[Idea] Make Boolean @objc properties reflect better into Objective-C


(Douglas Gregor) #1

Hi all,

The Swift API guidelines state that Boolean properties should reflect assertions about the receiver, so in Swift one would expect:

  class Foo {
    var isEnabled: Bool // good
  }

rather than

  class Foo {
    var enabled: Bool // not Swifty
  }

When the property is @objc, e.g.,

  class Foo : NSObject {
    @objc var isEnabled: Bool
  }

The resulting Objective-C property doesn’t follow the Cocoa guidelines for Objective-C <https://developer.apple.com/library/mac/documentation/Cocoa/Conceptual/CodingGuidelines/Articles/NamingIvarsAndTypes.html#//apple_ref/doc/uid/20001284-BAJGIIJE>:

  @property (readwrite,nonatomic) BOOL isEnabled;

because those guidelines state that properties do not use the “is” prefix.

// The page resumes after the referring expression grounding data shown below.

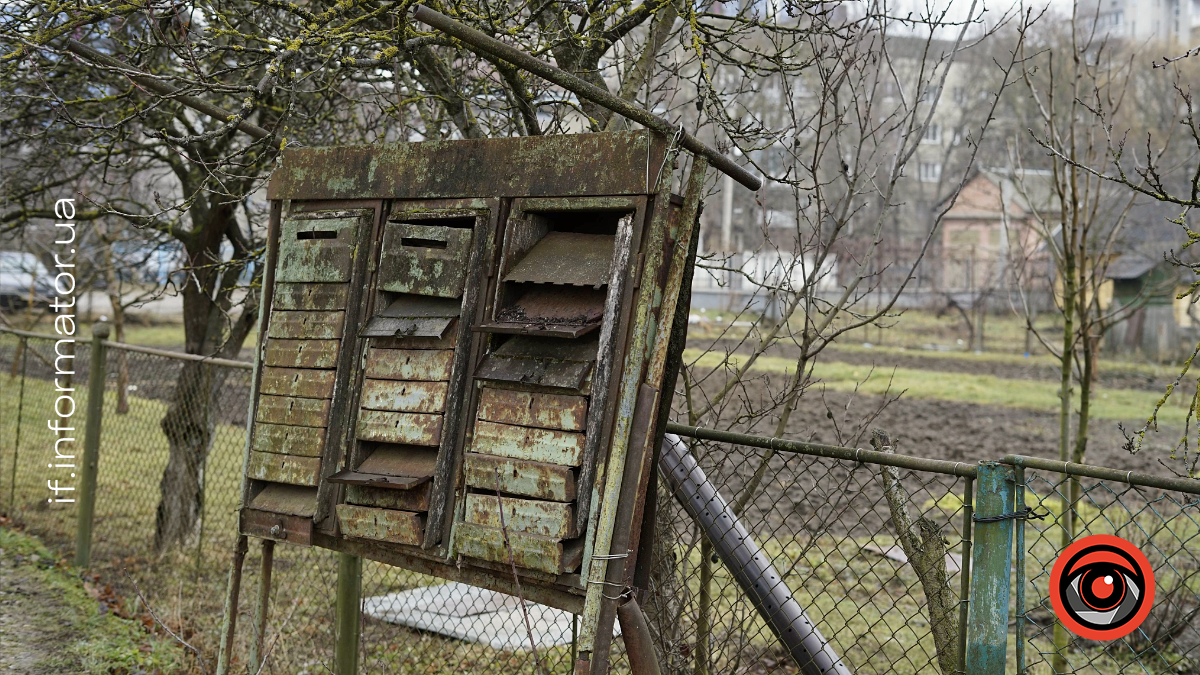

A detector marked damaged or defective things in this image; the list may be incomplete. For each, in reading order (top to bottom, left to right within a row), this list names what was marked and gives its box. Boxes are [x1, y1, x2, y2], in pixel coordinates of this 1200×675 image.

rusty metal sheet roof [266, 129, 672, 199]
rusty metal sheet roof [504, 230, 614, 285]
rusty mailbox bank [234, 128, 700, 667]
green peeling paint mailbox [237, 128, 705, 667]
rusted metal leg [216, 533, 248, 672]
rusted metal leg [249, 535, 274, 667]
rusted metal leg [619, 593, 667, 672] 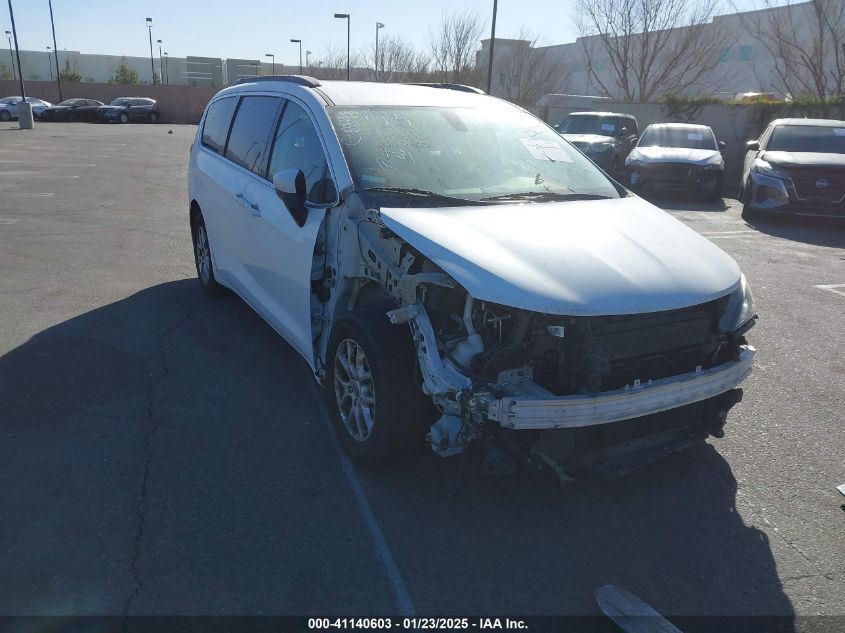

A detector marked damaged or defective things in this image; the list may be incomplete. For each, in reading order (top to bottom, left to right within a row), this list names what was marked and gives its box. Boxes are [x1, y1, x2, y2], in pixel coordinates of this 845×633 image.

crack in asphalt [122, 302, 195, 616]
crumpled front bumper [482, 346, 752, 430] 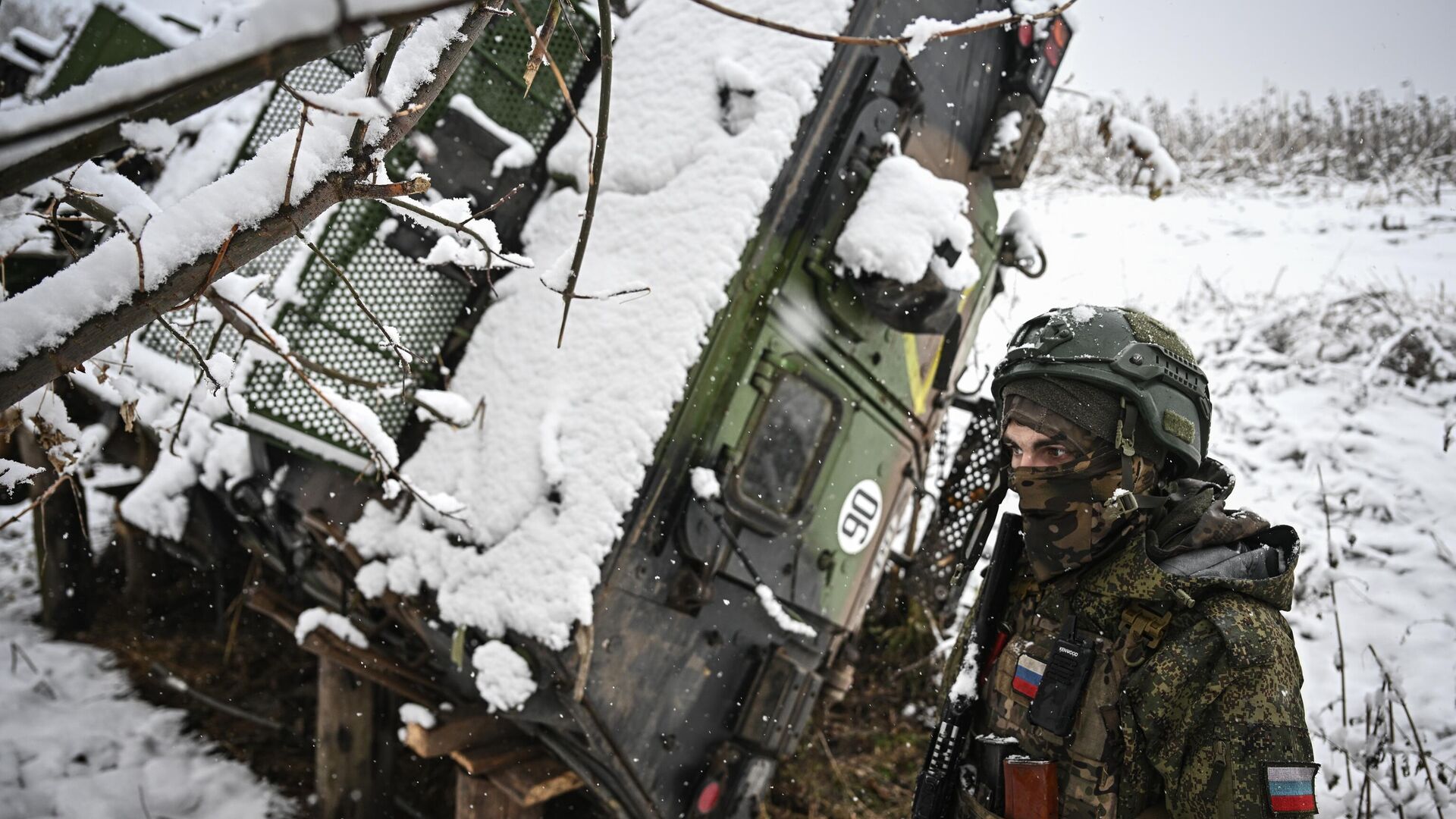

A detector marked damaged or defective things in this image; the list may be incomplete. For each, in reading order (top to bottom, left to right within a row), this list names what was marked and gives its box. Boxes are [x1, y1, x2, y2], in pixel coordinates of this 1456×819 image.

overturned armored vehicle [0, 0, 1072, 810] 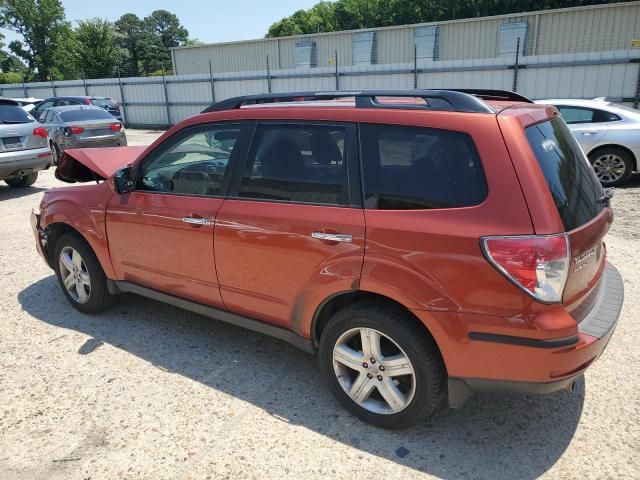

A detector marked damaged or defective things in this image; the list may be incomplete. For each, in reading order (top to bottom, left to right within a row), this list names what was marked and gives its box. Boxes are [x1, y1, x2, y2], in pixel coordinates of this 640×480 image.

crumpled hood [55, 145, 146, 183] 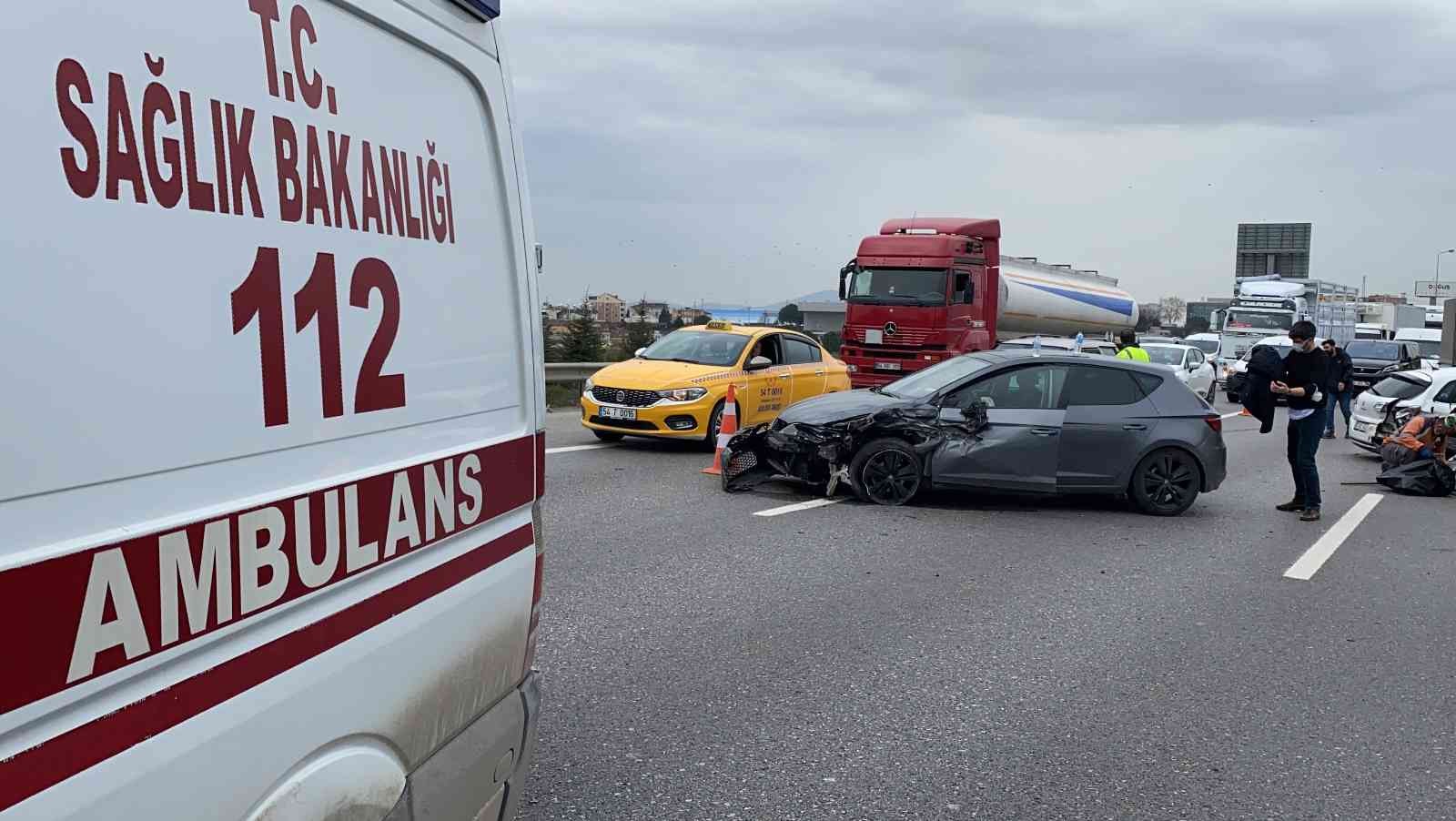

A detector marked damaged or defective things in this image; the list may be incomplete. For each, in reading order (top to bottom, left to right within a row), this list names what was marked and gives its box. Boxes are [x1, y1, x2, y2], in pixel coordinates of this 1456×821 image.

damaged gray hatchback [722, 350, 1223, 512]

My proposal is to strip the “is” prefix from the Objective-C name, but leave it off the getter, e.g.,

  @property (readwrite,nonatomic,getter=isEnabled) BOOL enabled;

The change would have no effect on the Swift name; it will only affect the Objective-C property name and setter name.

Thoughts?

  - Doug


(Jordan Rose) #2

+1 from me.

···

On Feb 23, 2016, at 13:00, Douglas Gregor via swift-evolution <swift-evolution@swift.org> wrote:

Hi all,

The Swift API guidelines state that Boolean properties should reflect assertions about the receiver, so in Swift one would expect:

  class Foo {
    var isEnabled: Bool // good
  }

rather than

  class Foo {
    var enabled: Bool // not Swifty
  }

When the property is @objc, e.g.,

  class Foo : NSObject {
    @objc var isEnabled: Bool
  }

The resulting Objective-C property doesn’t follow the Cocoa guidelines for Objective-C <https://developer.apple.com/library/mac/documentation/Cocoa/Conceptual/CodingGuidelines/Articles/NamingIvarsAndTypes.html#//apple_ref/doc/uid/20001284-BAJGIIJE>:

  @property (readwrite,nonatomic) BOOL isEnabled;

because those guidelines state that properties do not use the “is” prefix.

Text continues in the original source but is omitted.